If you selected an option set that contains two or more outcomes, consider mapping it to "Yes" or "No" because you want to predict whether something will happen.
If you want to predict multiple outcomes, use the Brazilian e-commerce dataset in the sample, and select BC Order in the Table drop-down menu and Delivery Timelines in the Column drop-down menu.
AI Builder supports these data types for the outcome column:
- Whole number
- Decimal number
- Floating point number
Select the data columns to train your model
After you select the Table and Column and map your outcome, you can make changes to the data columns used to train the model. By default, all relevant columns are selected. You can deselect columns that might contribute to a less accurate model. If you don't know what to do here, don't worry. AI Builder will try to find columns that provide the best model possible. For the sample data, just leave everything as is and select Next.
Data column selection considerations
The most important thing to consider here is whether a column that isn't your historical outcome column is indirectly determined by the outcome.
Let's say you want to predict whether a shipment is going to be delayed. You might have the actual delivered date in your data. That date is only present after the order is delivered. So, if you include this column, the model will have close to 100 percent accuracy. The orders that you want to predict won't have been delivered yet, and won't have the delivered date column populated. So, you should deselect columns like this before training.
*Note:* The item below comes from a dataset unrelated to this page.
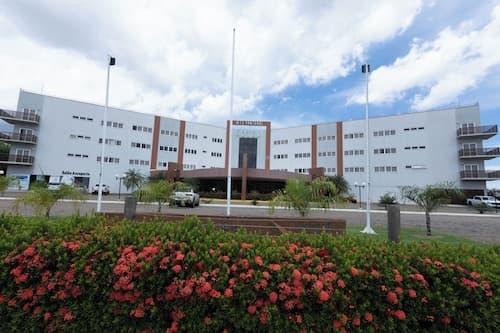 HITS PANTANAL HOTEL AEROPORTO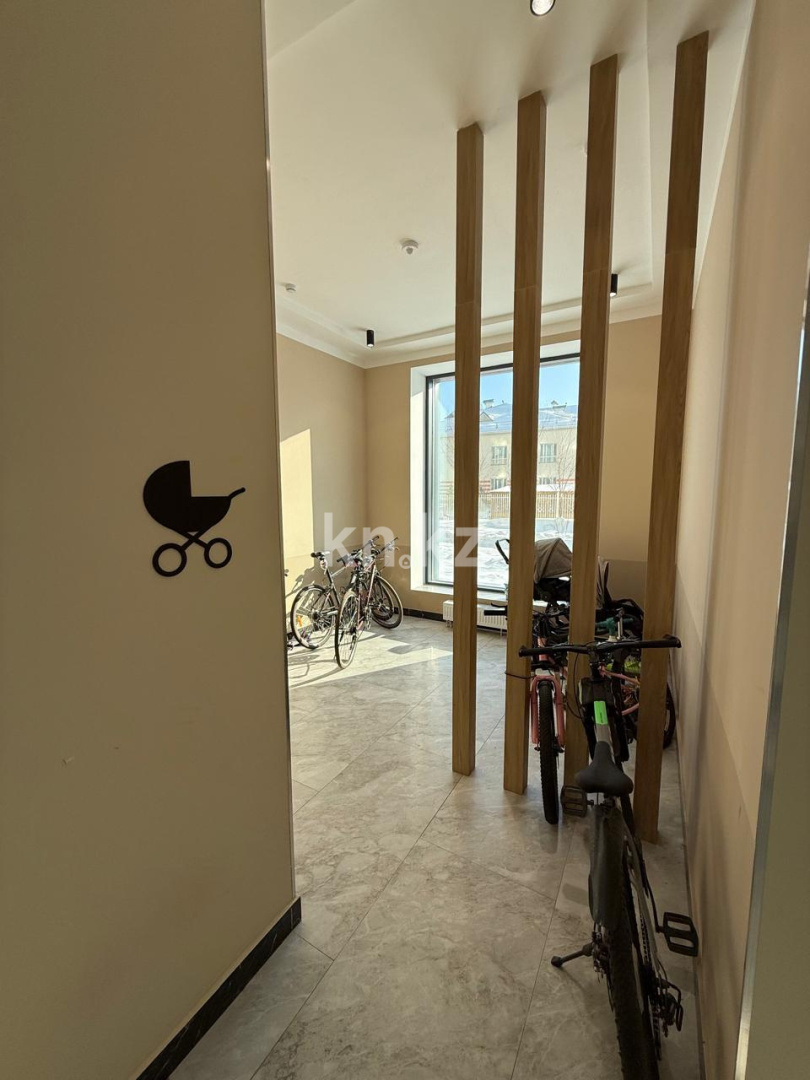 Продажа 2-комнатной квартиры, 50 м² в Астане - фото 23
In machine learning, this is called target leakage or data leakage. AI Builder tries to filter columns that are "too good to be true," but you should still check them.
When you're selecting data fields, some data types—like Image, which can't be used as input to train the model—aren't shown. In addition, system columns like Created On are excluded by default.
Use data from related tables
If you have related tables that might improve the performance of the prediction, you can include those as well. As you did when you wanted to predict whether a customer will churn, you should include additional information that might be in a separate table. AI Builder supports many-to-one relationships at this time.
Filter your data
After you select data columns for training, you can filter on your data. Your tables will contain all rows. However, you might want to concentrate on training and predicting on a subset of rows. If you know that there's irrelevant data within the same table you're using to train a model, you can use this step to filter it.
For example, if you apply a filter to look at only the US region, the model will train on rows where the outcome is known only for the US region. When this model is trained, it will only make a prediction for rows where the outcome is not known for only the US region.
The filtering experience is the same as in the Power Apps view editor. Start by adding:
- A row, which contains a single filter condition.
- A group, which allows you to nest your filter conditions.
- A related table, which allows you to create a filter condition on a related table.
Select the column, the operator, and the value that represents a filter condition. You can use the checkboxes to group rows or to bulk-delete rows.